Ocala National Forest has operated at a loss the past 14 years. The loss hasn’t been a result of fiscal issues but from Mother Nature.
The forest covers about 383,000 acres of land, according to the forest’s website. Tree cover has significantly declined near Juniper Prairie, located near the intersection of State Road 19 and State Road 40 southwest of Lake George.
Scott Sager, a forester for the University of Florida’s Austin Cary Forest, spoke on a few potential causes for the deforestation.
“Ocala’s a really neat ecosystem because of the sand pine scrub,” Sager said. “Sand pine is a very short-lived species. It only lives for about 50 years and then it either falls over, because it’s susceptible to root rot and fungal issues, or it catches fire. Sometimes, it does both.
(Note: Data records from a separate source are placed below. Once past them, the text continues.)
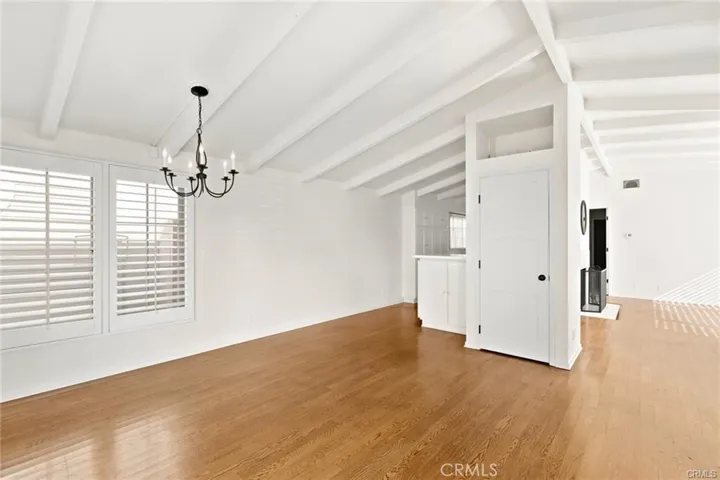600 Poinsettia Avenue, Corona Del Mar, California 92625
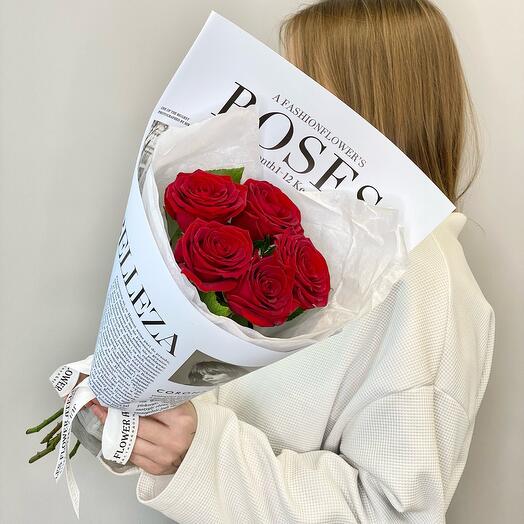 «Гранатовый браслет» Букет из красных роз ред Наоми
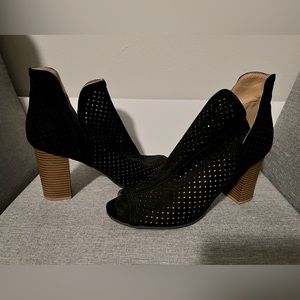 Open-toe wedge heeled booties- size 10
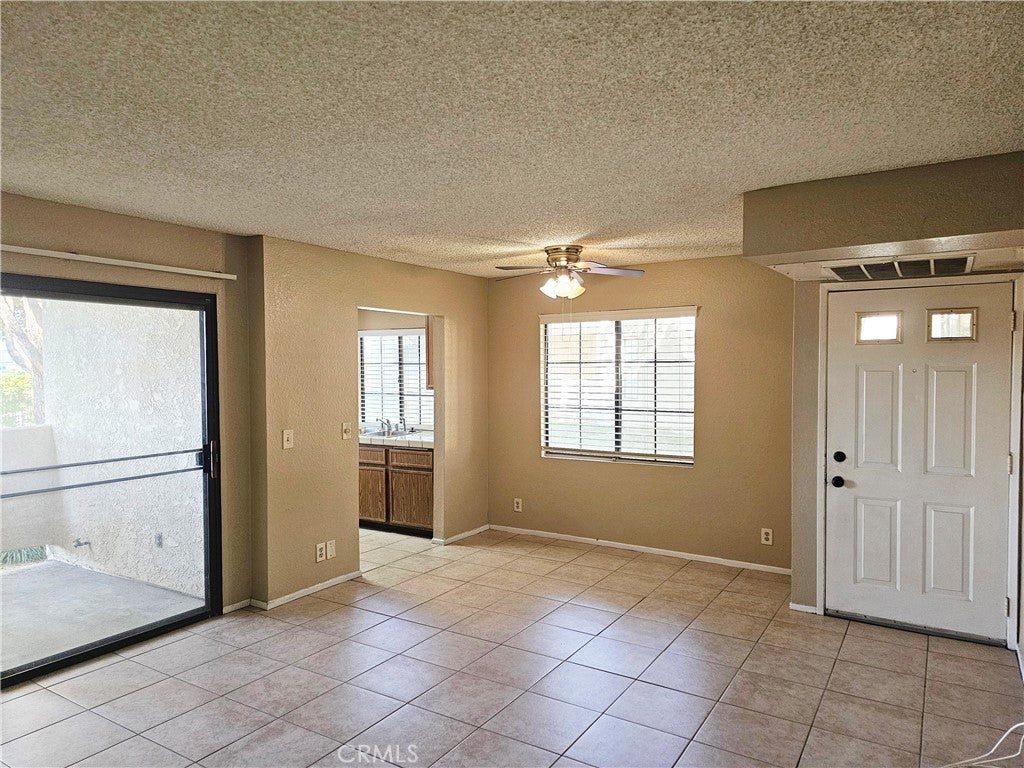 2554 Olive Drive 19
Fires in the sand pine scrub are what we call standard replacement fires.”
Standard replacement fires do not burn the understory of a forest, which is the underlying vegetation layer. These fires essentially reset the land by burning adult trees that provide cover for Global Forest Watch’s map tracks, an interactive map that allows users to see deforestation anywhere in the world. Sager said that while these fires appear catastrophic, it is a natural process that allows future growth.
“It’s news to me that it’s showing less vegetation,” said Michael Gosse, a ranger at the Lake George Forest District. Gosse described himself as “fairly new” to the Ocala National Forest after joining the staff less than a year ago. “Overall, there’s a trend nationwide that we’re losing more trees than we’re gaining.”
Ludie Bond, a spokeswoman for the Florida Division of Forestry, could not provide specifics regarding the Ocala National Forest due to its federal standing, but she had a few ideas for why this is occurring.
“Knowing what I know, having worked on the Ocala National, it’s probably one of two things,” Bond said, “It’s either wildfires or harvesting, because they do harvest timber in the Ocala National.”
Bond also provided details regarding issues on Florida’s state forests, which could explain the reason for Ocala National Forest’s loss of tree cover.
“We’ve had a lot of timber loss in Goethe Forest in Levy County,” Bond said. “That’s been a combination of wildfires and timber harvesting.”
Wildfires will sometimes cause trees to be harvested sooner than scheduled, Bond said. In addition to completely burning trees down, fires can damage the trees, making the timber less valuable at mills. These fires cause agencies to have a short period of time when they can harvest the trees at their best value, which could contribute to cover loss.
Tree cover loss in the Ocala National Forest spiked in 2006 and 2009.
In 2006, a prescribed fire in the Juniper Prairie raged out of control and into sand pine areas. The resulting fires burned about 11,120 acres, according to UF records. In 2009, a smaller area to the south of the 2006 location caught fire when a campfire escaped, burning about 6,425 acres.
The northern half of Florida is predicted to experience fewer fires than the southern half of the state through the end of March. This is a result of wetter than normal conditions in the north, as compared to the drier conditions in the south.
Sager and Bond opinions suggest that the Ocala National Forest is not being over-harvested or deforested. However, tree cover loss is noticeable in a snapshot of the forest recovering from two notable forest fires.
“We haven’t harvested any more timber than we have in the past,” Gosse said. “We haven’t had any hurricanes. We haven’t done anything different last year that we’ve done the past ten years.”